Roughly how many subsets of $[n]:=\{1,2,\ldots,n\}$ have the property that the sum of the reciprocals of the members in that subset is less than $x$? Let $\ n\ $ be a large positive integer, and let $\ 0 < x < \displaystyle\sum_{k=1}^{n} \frac{1}{k}.\ $ Approximately how many subsets of $\ [n]:= \{ 1,2,\ldots,n\}\ $ have the property that the sum of the reciprocals (of the members in that subset) is less than $x$ ?
 A: This is just a partial answer, which is too long for a comment.
The question can be equivalently formulated as: given iid Bernoulli random variables $\varepsilon_k$, $k\ge1$, with $\mathrm P(\varepsilon_k = 1) = \mathrm P(\varepsilon_k = 0) = \frac12$, what is the probability that
$$
S_n := \sum_{k=1}^n \frac{\varepsilon_k}k <x?
$$
Writing
$$
S_n \approx \frac{\log n}2 + \sum_{k=1}^n \frac{\varepsilon_k-1/2}{k}
$$
and observing that the series $\zeta :=\sum_{k=1}^\infty \frac{\varepsilon_k-1/2}{k}$ converges by Kolmogorov's one series theorem, we get that $\mathrm{P}(S_n<x)\approx 1$ for $x\gg \frac{\log n}2$, and $\mathrm{P}\left(S_n<\frac{\log n}2 +t \right)\to  \mathrm P(\zeta<t)$ for every $t\in \mathbb R$. The distribution of $\zeta$ is studied in Random Harmonic Series by Byron Schmuland.
So the most interesting case is $x\ll \frac{\log n}2$, where we do know that $\mathrm{P}(S_n<x)\approx 0$, but this does not tell a lot about the number of sums (which can be anything negligible compared to $2^n$).
A: This is mainly a comment which is too long to fit as such.
Since the harmonic numbers themselves satisfy that
$$ H_n = \log(n)+ \gamma + o(n) $$
I agree with zhoraster that the interesting case must be $x<< \log(n)$.
To try and understand zhorasters $\zeta$-variable I used the following Python script
def brute_count(n):
        results=[]
        for sample in subset_generator(n):
            results.append(sum([1/x for x in sample]))
        results.sort()
        return results

def subset_generator(n):
    universe = list(range(1,n+1))
    subsets=[[]]
    for elt in universe:
        subsets += [s+[elt] for s in subsets]
    return subsets

I get a sorted list of all conceivable sums arising as described in the question for reasonably sized $n$. Now if the $i$-th element in this list has size $y$ that would mean that there are $i$ partial sums with value less than or equal to $y$. In other words the plot
ln14=brute_count(14)  
plt.plot(ln14,range(1,16385));plt.savefig("image.png") 
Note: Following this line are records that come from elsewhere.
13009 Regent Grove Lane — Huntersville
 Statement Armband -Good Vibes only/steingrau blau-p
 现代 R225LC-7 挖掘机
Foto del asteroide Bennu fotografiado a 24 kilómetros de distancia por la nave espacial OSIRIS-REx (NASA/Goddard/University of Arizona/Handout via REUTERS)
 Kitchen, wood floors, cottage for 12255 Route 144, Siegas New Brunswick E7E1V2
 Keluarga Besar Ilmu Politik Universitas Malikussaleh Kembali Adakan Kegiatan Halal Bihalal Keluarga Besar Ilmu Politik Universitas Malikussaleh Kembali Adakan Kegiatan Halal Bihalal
corresponds to the function
$$ x \ \mapsto \ \#\{ I \in \{1,\ldots,n\} \ | \ \sum_{l \in I} \frac{1}{l} < x \ \}.$$
for $n=14$. For $n$ going to $\infty$ this function should - by the law of large numbers - converge pointwise to
$$ x \ \mapsto \ 2^n\cdot P(S_n<x)$$
The plot is as follows 
If we normalize our function as follows
>>> plt.plot([(l-h14/2)/(h14/2) for l in ln14],[l*1/16384 for l in range(1,16385)])

(where h14 is $H_{14}$) we get

Up to a few additional normalizations this should correspond to zhorasters $\zeta$-variable.
I have tried to compare this to a few standard cumulative distribution functions appropriately normalized, but didnt really convince myself. Eitherway I think it should be possible to calculate the moments of the distribution corresponding to l14 numerically, and if these can be recognized as being very close to rational numbers of small height or something similar, then perhaps you can make a conjecture about the distribution $S_n$ in the interesting range, redo the calculation for larger $n$ and then test it.